Content starts

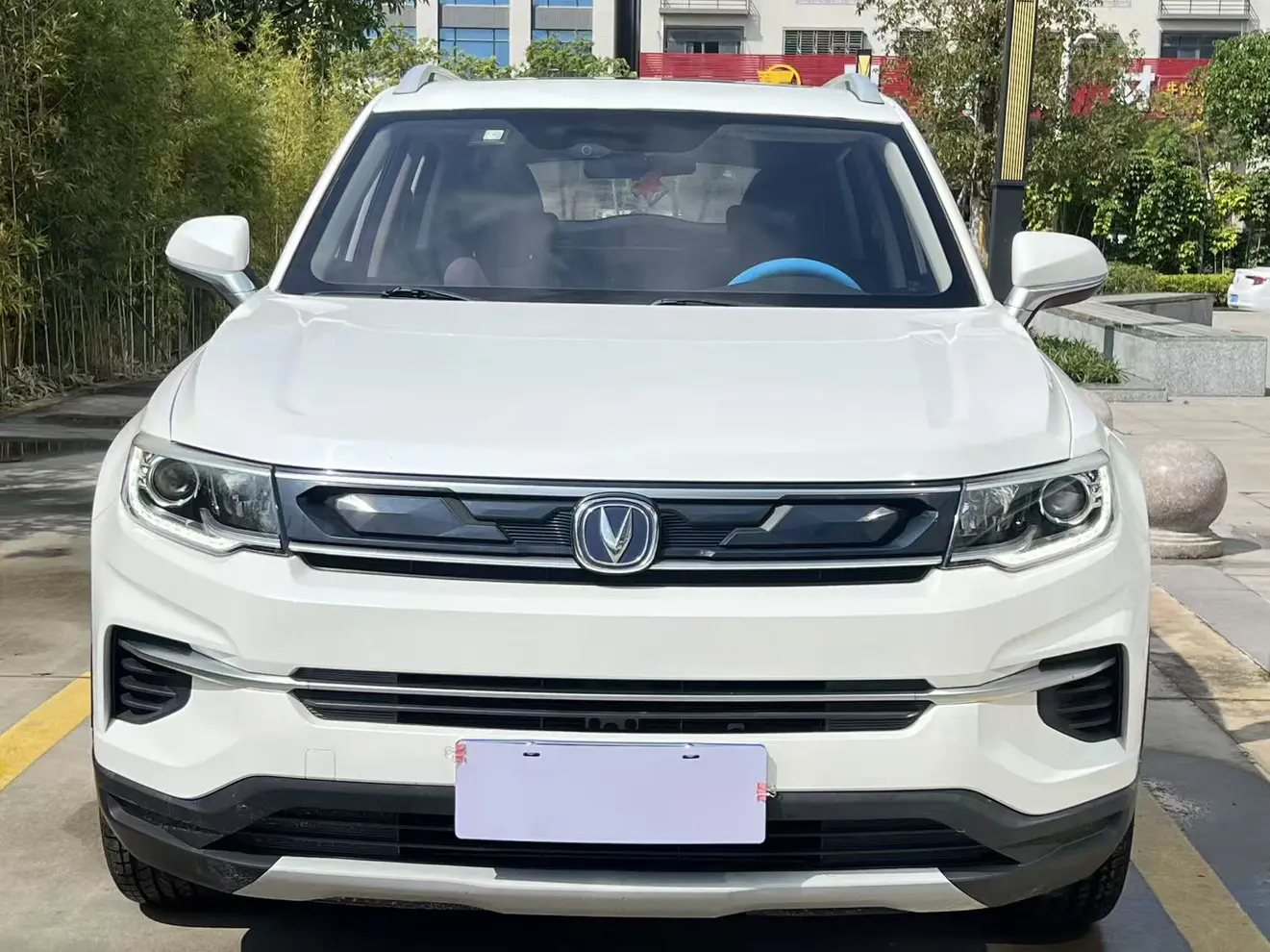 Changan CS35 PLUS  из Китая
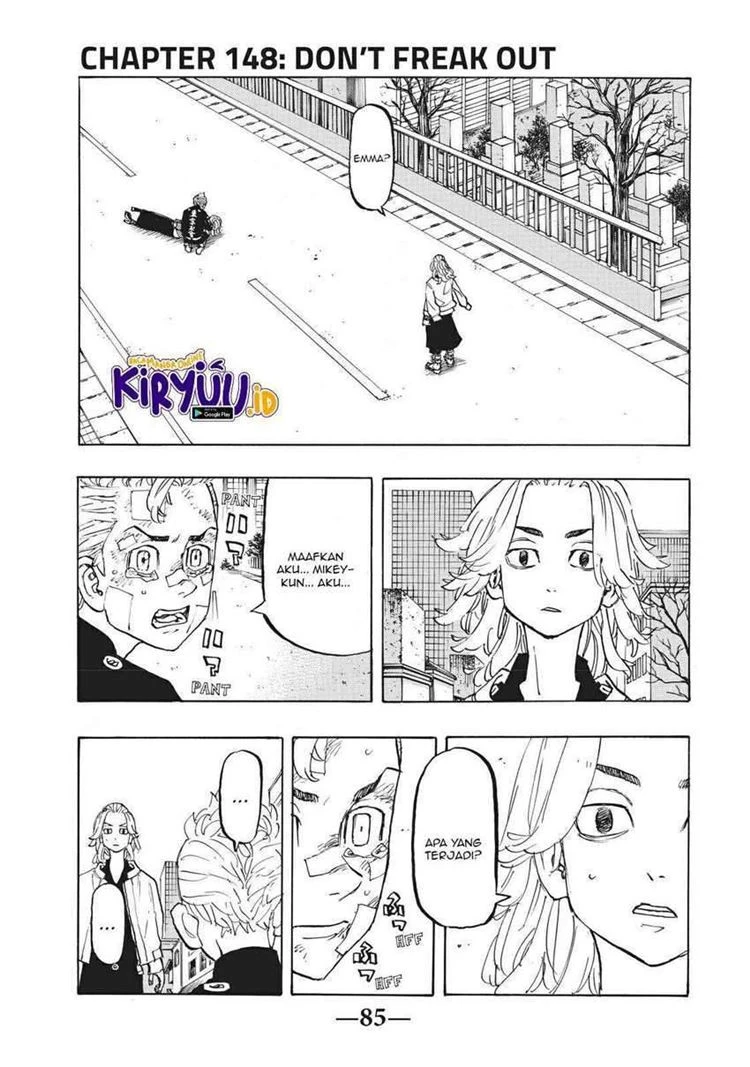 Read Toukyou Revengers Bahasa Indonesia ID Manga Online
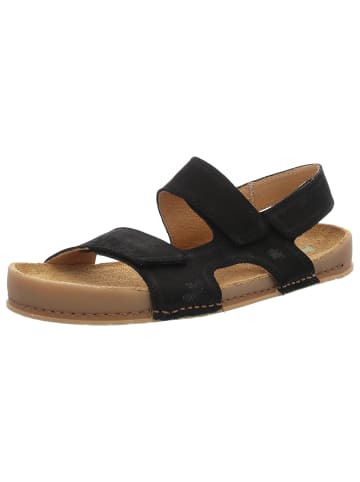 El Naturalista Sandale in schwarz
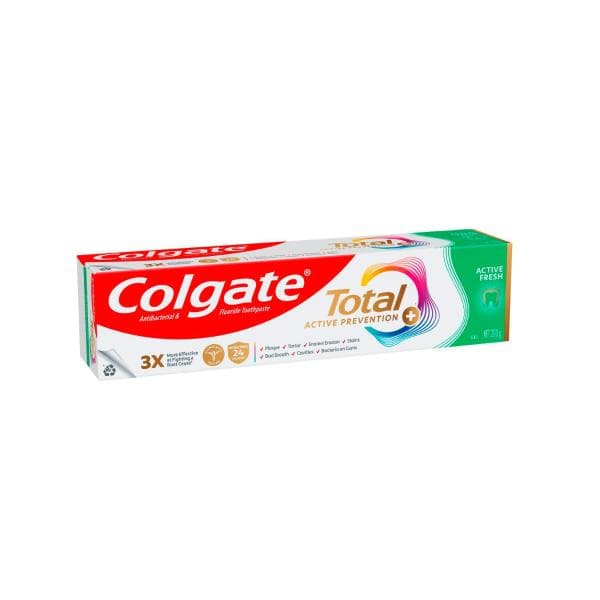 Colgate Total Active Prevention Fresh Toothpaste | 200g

Content ends

# [Your objective]
Each line above should be returned exactly as written, apart from any pictures.

# [Answer box]
 Changan CS35 PLUS  из Китая
 Read Toukyou Revengers Bahasa Indonesia ID Manga Online
 El Naturalista Sandale in schwarz
 Colgate Total Active Prevention Fresh Toothpaste | 200g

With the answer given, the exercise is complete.